September 2, 2011 1 Comment
My scrambling season hasn’t been very productive, so my brother, Carlo, and I set out to conquer the north peak of Mt. Kidd (2958m). It’s nowhere near the technicality of Mt. Smuts, but with a vertical elevation gain of 1350m, an estimated completion time of 6-9 hours and a rating of ‘moderate’, it’s not a mountain to take lightly.
Carlo and I set out early enough to allow for some extra time past the 9 hour outer limit of the estimated trip time. We had a photocopy of the guidebook entry, a trip report from a reputable climber and a topographic map.
I’ve quoted Moltke before, and his adage describes this trip well: our plan didn’t survive first contact with the mountain. Shortly after starting up the bowl, we veered right into a gully to avoid what looked like an exposed bit of trail. We wasted a over an hour slogging up (and down) a steep scree-filled gully in the hottest part of day. When we resumed the trail we wanted to avoid, we saw that it wasn’t that bad and continued onward, albeit tired and having consuming a good portion of our supplies to recover from the unnecessary fatigue.
Feeling guilty for making the call to go up the gully, I let Carlo lead the remainder of the trip. Aside from some steep bits and some hands-on scrambling (see the video), there were no major difficulties that we encountered. Still, I had this nagging feeling, based on trip reports I had read and pictures I’ve seen, that we were off-route. We were also becoming more aware of our fatigue, so we decided that we would turn back at 3:00PM, regardless of our progress.
Mother Nature sent us into retreat before Father Time could. At 2:30PM, clouds moved in. I knew there would be rain either on Tuesday or Wednesday, so I didn’t know whether to call nature’s bluff. What I did know is that we were on a new mountain, there were no other people on the trail, we were tired, our supplies were running low and we weren’t even sure that we were on the right route. I also knew that scrambling, especially on the slabby terrain we were on, was very dangerous in wet conditions. We decided not to chance it, and we started back. By my estimate, we were around 300 vertical metres short of the summit.
As luck would have it, we weren’t in cell phone range at that point either, though we discovered that after we had decided to retreat. (Besides, proceeding only on the basis that a helicopter can easily be called in is nothing short of irresponsible.)
We made a speedy descent and only stopped to send a message of our retreat and to finish the last of our food and water when we reached the approach trail. It never did rain until the next day, but the clouds lingered around and forest fire smoke continued to blow into the area, making it difficult to breathe. When we finally got back to the car, we had taken the entire 9 hours that Kane gives as an outer limit of an estimated trip duration.

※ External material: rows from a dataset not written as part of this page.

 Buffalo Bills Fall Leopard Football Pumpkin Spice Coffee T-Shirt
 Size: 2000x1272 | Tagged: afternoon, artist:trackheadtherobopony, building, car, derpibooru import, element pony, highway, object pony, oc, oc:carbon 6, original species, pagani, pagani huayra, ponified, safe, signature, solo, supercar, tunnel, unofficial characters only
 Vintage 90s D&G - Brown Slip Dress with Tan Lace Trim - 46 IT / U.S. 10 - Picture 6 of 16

It rained the next day, so we cut our trip short and headed back to Calgary. Upon our return, I immediately looked up trip reports and route photos. Sure enough, we went off-route and angled toward the summit prematurely. Like the first time we went off route, we should have continued to move towards the ‘back’ (west) of the mountain because the guide clearly showed that we would eventually need to backtrack towards the front of the mountain (to the east) once we hit the summit ridge. Instead–as you can see from the picture below–we were directly south of the summit. Even if we had trudged on, we likely would not have been able to summit anyway, given that, the terrain we were on was definitely more technical than a slog up a scree field. While I think more seasoned scramblers and climbers would have been able to surmount the cliff bands that lay ahead (and walk off the usual route), Carlo and I aren’t at that point yet.
Notwithstanding my disappointment with not summiting and getting lost twice, I was satisfied with the trip. We encountered some unique terrain with some good bits of hands-on scrambling. Both Carlo and I were surprised by the ease that we handled the more technical sections, which were not really ‘technical’ in the technical sense of the term, but were still more technical than what we were accustomed too.
Most importantly, I’m proud that we didn’t take any unnecessary or irresponsible risks. Untempered ‘summit fever’ impairs judgement and can lead otherwise sensible and capable individuals into trouble. Not only did we turn back when the weather appeared to worsen, we also set a ‘drop-dead time’ for our retreat. Our failure today ensures that we would have another time to succeed. Until then, Mt. Kidd, north, goes on the do-over list.